What has been your greatest challenge?

Finding time for me and remembering to breathe deeply occasionally. Life is so amazingly complex. Sometimes things happen to you that you never thought would. Some good and some rather awful. And while you know the awful will eventually be less so, you have to keep living and not keep holding your “breath” waiting for the “air to smell sweeter”. My greatest challenges have always involved other people, as have my greatest joys.

What are you most proud of?

My children. I have a tendency to want to appease those around me, especially family and partners. But you cannot let others dictate the terms of your happiness. Many times during their early years, I wished I could slow things down a little, work less and enjoy them more.

I tend not to measure myself in terms of my personal accomplishments and whatever “success” looks like at some point in time. If there is anything to be “proud of” it is my desire to keep learning, sharing and following my heart. Being useful and contributing to the social good, however small each individual contribution is. 

What’s one piece of advice for future female leaders?

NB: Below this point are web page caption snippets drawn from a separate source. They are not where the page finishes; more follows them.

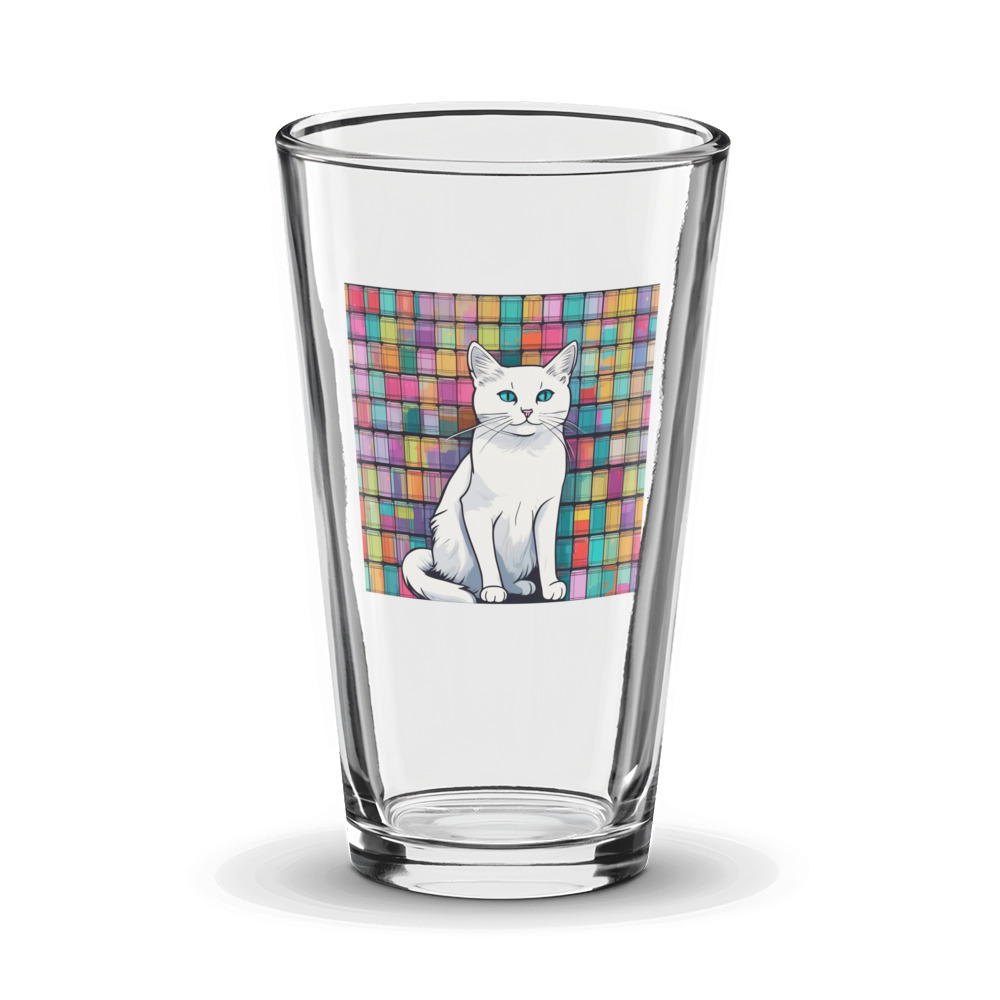 PugMug Custom White Companion Cat Glass Tumbler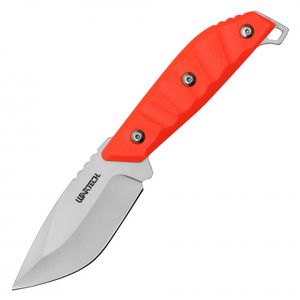 Fixed-Blade Knife | Wartech 4in. Steel Blade Orange Handle Full Tang + Sheath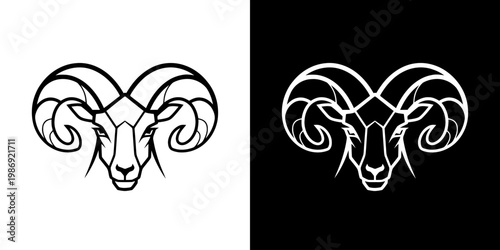 Ram Head Logo Design with Spiral Horns for Branding and Mascot Identity
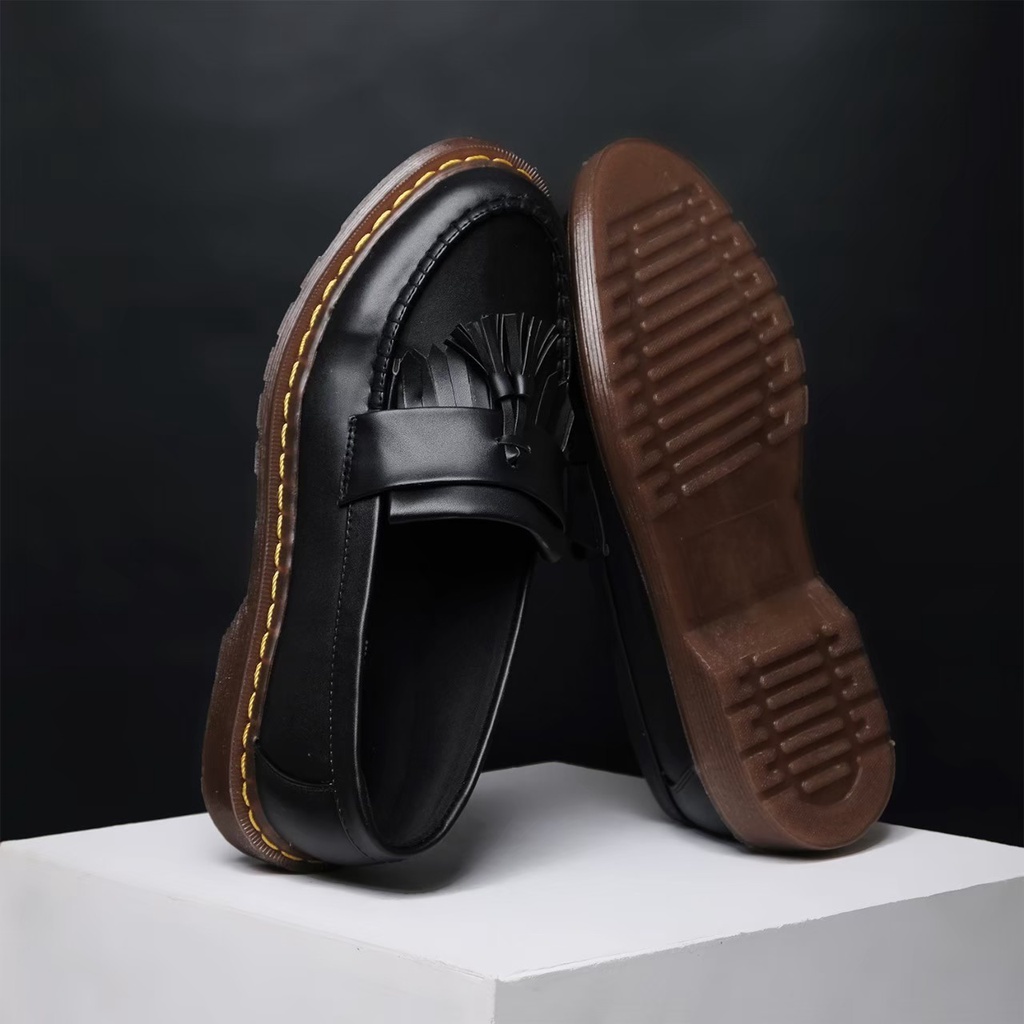 Sepatu Loafers Casual Pria Wanita Kulit Formal Kuliah Penny Loafer Kasual Sepatu Slip On - Ziggy Black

Be sure you know what you want. Try to imagine your life in 10 or 20 years and visualise what you want that to look like. 

My advice for future leaders is the same I give to my children. Honour your potential and be the best version of yourself that you can be. I truly enjoy helping other people. While I have ended up in leadership positions or running my own businesses (often out of necessity), improving my abilities in the areas I am interested in has been my greatest motivation. Cultivate a curious mind.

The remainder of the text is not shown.